* Records for this exercise *

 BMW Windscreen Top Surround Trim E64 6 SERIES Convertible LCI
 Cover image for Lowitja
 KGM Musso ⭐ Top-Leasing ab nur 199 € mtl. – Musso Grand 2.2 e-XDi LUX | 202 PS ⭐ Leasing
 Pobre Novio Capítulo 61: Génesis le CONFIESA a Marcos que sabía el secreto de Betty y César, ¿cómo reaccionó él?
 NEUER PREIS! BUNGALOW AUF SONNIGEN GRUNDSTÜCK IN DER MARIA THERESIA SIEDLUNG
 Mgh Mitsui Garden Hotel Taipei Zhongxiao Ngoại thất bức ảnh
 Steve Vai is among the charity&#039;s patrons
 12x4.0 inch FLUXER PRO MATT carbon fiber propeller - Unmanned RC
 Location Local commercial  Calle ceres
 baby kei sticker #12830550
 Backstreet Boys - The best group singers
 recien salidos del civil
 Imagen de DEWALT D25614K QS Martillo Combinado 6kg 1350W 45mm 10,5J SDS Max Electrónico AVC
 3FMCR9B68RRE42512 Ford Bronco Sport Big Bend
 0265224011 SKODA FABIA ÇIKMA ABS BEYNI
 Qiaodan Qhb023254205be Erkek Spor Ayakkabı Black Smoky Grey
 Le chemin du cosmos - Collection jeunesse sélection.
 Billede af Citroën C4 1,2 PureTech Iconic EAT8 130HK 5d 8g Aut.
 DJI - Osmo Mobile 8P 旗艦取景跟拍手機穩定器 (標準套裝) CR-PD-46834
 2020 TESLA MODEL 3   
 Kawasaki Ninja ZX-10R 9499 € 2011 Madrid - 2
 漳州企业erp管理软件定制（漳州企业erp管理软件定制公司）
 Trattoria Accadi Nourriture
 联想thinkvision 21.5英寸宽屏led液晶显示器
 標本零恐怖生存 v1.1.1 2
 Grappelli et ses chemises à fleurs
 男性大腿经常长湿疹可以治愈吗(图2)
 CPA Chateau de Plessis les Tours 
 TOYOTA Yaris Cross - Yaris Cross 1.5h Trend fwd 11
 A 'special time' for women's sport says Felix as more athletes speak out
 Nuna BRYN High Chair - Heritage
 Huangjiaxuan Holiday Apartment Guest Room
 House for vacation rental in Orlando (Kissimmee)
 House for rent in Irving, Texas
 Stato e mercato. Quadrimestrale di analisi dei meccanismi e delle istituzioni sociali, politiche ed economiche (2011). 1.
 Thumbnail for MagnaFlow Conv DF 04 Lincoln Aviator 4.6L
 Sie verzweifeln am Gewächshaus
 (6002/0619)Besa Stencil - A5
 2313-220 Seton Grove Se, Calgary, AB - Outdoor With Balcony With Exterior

* Exercise directions *
Copy the entire listing above, line for line, exactly.

* Solution to this exercise *
 BMW Windscreen Top Surround Trim E64 6 SERIES Convertible LCI
 Cover image for Lowitja
 KGM Musso ⭐ Top-Leasing ab nur 199 € mtl. – Musso Grand 2.2 e-XDi LUX | 202 PS ⭐ Leasing
 Pobre Novio Capítulo 61: Génesis le CONFIESA a Marcos que sabía el secreto de Betty y César, ¿cómo reaccionó él?
 NEUER PREIS! BUNGALOW AUF SONNIGEN GRUNDSTÜCK IN DER MARIA THERESIA SIEDLUNG
 Mgh Mitsui Garden Hotel Taipei Zhongxiao Ngoại thất bức ảnh
 Steve Vai is among the charity&#039;s patrons
 12x4.0 inch FLUXER PRO MATT carbon fiber propeller - Unmanned RC
 Location Local commercial  Calle ceres
 baby kei sticker #12830550
 Backstreet Boys - The best group singers
 recien salidos del civil
 Imagen de DEWALT D25614K QS Martillo Combinado 6kg 1350W 45mm 10,5J SDS Max Electrónico AVC
 3FMCR9B68RRE42512 Ford Bronco Sport Big Bend
 0265224011 SKODA FABIA ÇIKMA ABS BEYNI
 Qiaodan Qhb023254205be Erkek Spor Ayakkabı Black Smoky Grey
 Le chemin du cosmos - Collection jeunesse sélection.
 Billede af Citroën C4 1,2 PureTech Iconic EAT8 130HK 5d 8g Aut.
 DJI - Osmo Mobile 8P 旗艦取景跟拍手機穩定器 (標準套裝) CR-PD-46834
 2020 TESLA MODEL 3   
 Kawasaki Ninja ZX-10R 9499 € 2011 Madrid - 2
 漳州企业erp管理软件定制（漳州企业erp管理软件定制公司）
 Trattoria Accadi Nourriture
 联想thinkvision 21.5英寸宽屏led液晶显示器
 標本零恐怖生存 v1.1.1 2
 Grappelli et ses chemises à fleurs
 男性大腿经常长湿疹可以治愈吗(图2)
 CPA Chateau de Plessis les Tours 
 TOYOTA Yaris Cross - Yaris Cross 1.5h Trend fwd 11
 A 'special time' for women's sport says Felix as more athletes speak out
 Nuna BRYN High Chair - Heritage
 Huangjiaxuan Holiday Apartment Guest Room
 House for vacation rental in Orlando (Kissimmee)
 House for rent in Irving, Texas
 Stato e mercato. Quadrimestrale di analisi dei meccanismi e delle istituzioni sociali, politiche ed economiche (2011). 1.
 Thumbnail for MagnaFlow Conv DF 04 Lincoln Aviator 4.6L
 Sie verzweifeln am Gewächshaus
 (6002/0619)Besa Stencil - A5
 2313-220 Seton Grove Se, Calgary, AB - Outdoor With Balcony With Exterior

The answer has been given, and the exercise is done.